PROBLEM TO SOLVE: What is wanted is every line below from the one with "Código de Barras 8413907169503" up to and including the one with "N/A comfortable green", retyped exactly, pictures excluded, nothing else.

INPUT DATA:
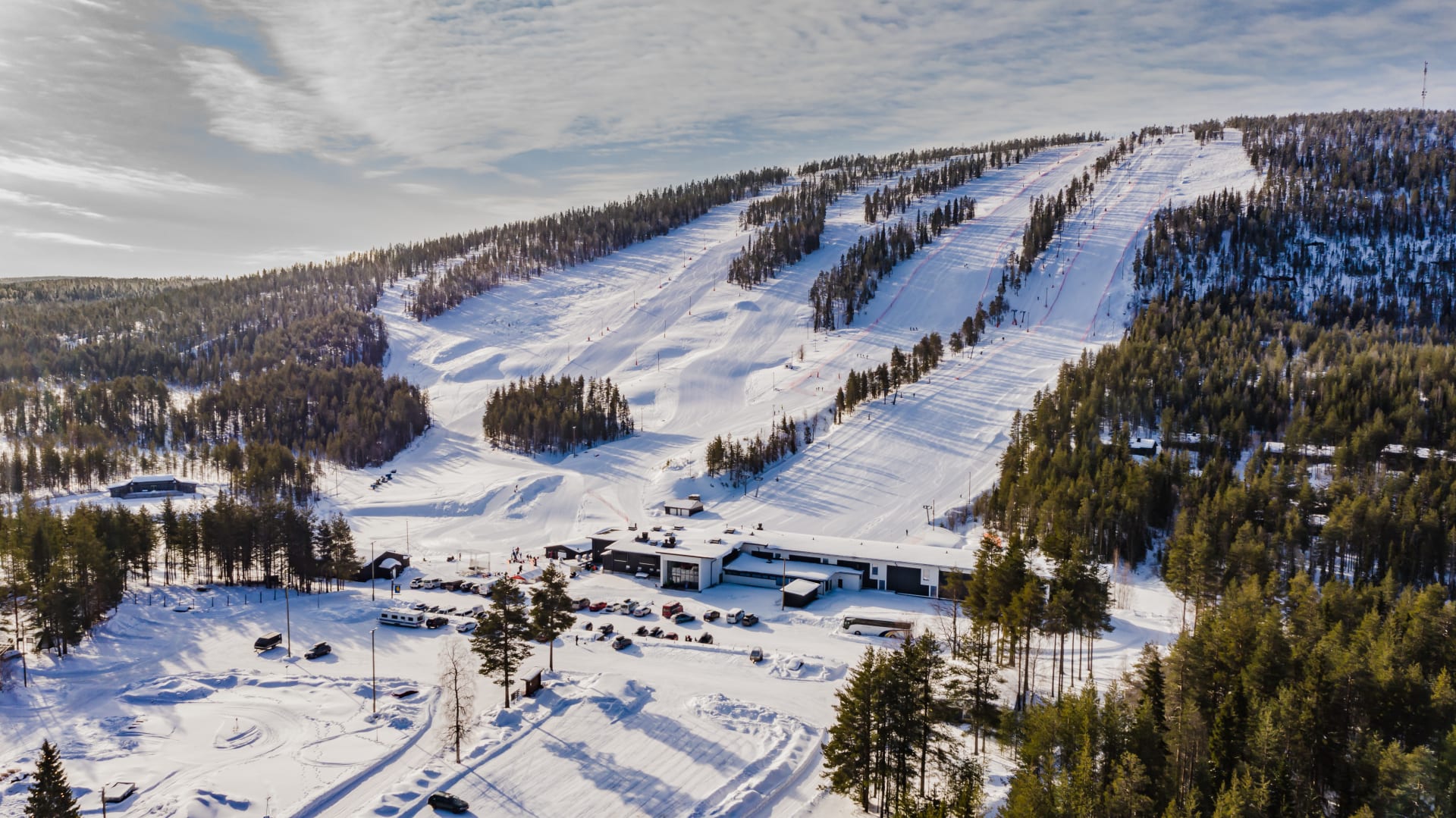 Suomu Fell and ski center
* * *
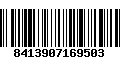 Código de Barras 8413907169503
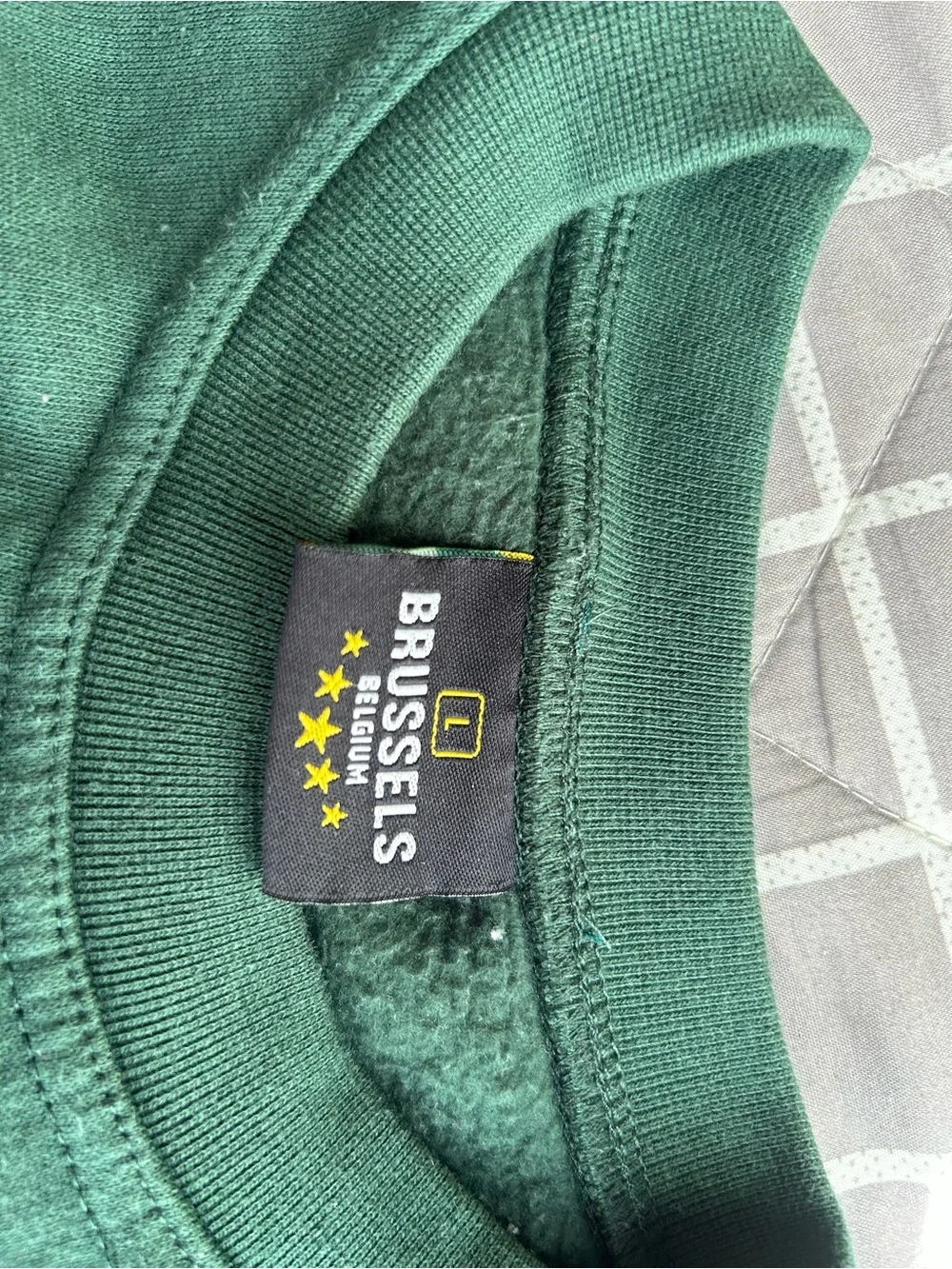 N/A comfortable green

ANSWER SECTION:
 Código de Barras 8413907169503
 N/A comfortable green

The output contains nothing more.